Moore denied the allegations, calling them politically motivated. He is in a neck and neck race against Democrat Doug Jones.
Yesterday, a woman named Beverly Nelson held a press conference where she alleged that when she was 15, Moore sexually assaulted her in the parking lot of a restaurant where she worked.
Banned from the Gadsden Mall?
The New Yorker published an article yesterday that outlines reports of inappropriate behavior by Moore at the Gadsden Mall in the early ’80s. Two of the women in the Post story said they first met the former judge at the mall, and that several other women who used to work there remember him being a frequent presence.
From The New Yorker:
This past weekend, I spoke or messaged with more than a dozen people—including a major political figure in the state—who told me that they had heard, over the years, that Moore had been banned from the mall because he repeatedly badgered teen-age girls. Some say that they heard this at the time, others in the years since. These people include five members of the local legal community, two cops who worked in the town, several people who hung out at the mall in the early eighties, and a number of former mall employees. (A request for comment from the Moore campaign was not answered.) Several of them asked that I leave their names out of this piece. The stories that they say they’ve heard for years have been swirling online in the days since the Postpublished its report. “Sources tell me Moore was actually banned from the Gadsden Mall and the YMCA for his inappropriate behavior of soliciting sex from young girls,” the independent Alabama journalist Glynn Wilson wrote on his Web site on Sunday. (Wilson declined to divulge his sources.) Teresa Jones, a deputy district attorney for Etowah County in the early eighties, told CNN last week that “it was common knowledge that Roy dated high-school girls.” Jones told me that she couldn’t confirm the alleged mall banning, but said, “It’s a rumor I’ve heard for years.”
Two police officers, who wished to remain unnamed, said they had heard about Moore’s unwanted presence at the mall.
“The general knowledge at the time when I moved here was that this guy is a lawyer cruising the mall for high-school dates,” said one.
“I heard from one girl who had to tell the manager of a store at the mall to get Moore to leave her alone,” the other said.
“A friend of mine told me he was banned from there,” he said, adding, “I actually voted for Moore.

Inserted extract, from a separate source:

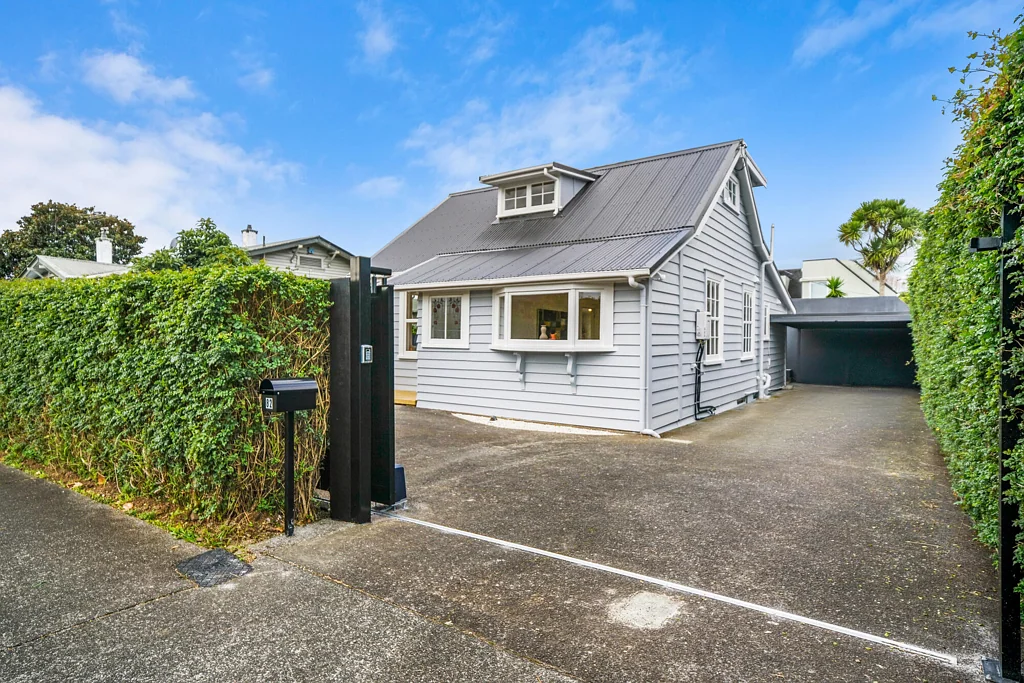 82 The Drive, Epsom, Auckland City, Auckland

I liked him at one time. But I’m basically disgusted now, to be honest with you.”
Moore losing support
That unnamed officer isn’t the only person backing away from Moore.
Polls show that Jones is gaining, and even opening a small lead on his opponent, and Republican leaders are withdrawing support.
Sens. Mitch McConnell, John McCain, and others have called on him to drop out of the race. Sen. Ted Cruz joined that list yesterday.
“As it stands, I can’t urge the people of Alabama to support a campaign in the face of these charges without serious, persuasive demonstration that the charges are not true,” he told reporters.
Alabamans head to the polls in less than a month for the December 12 election.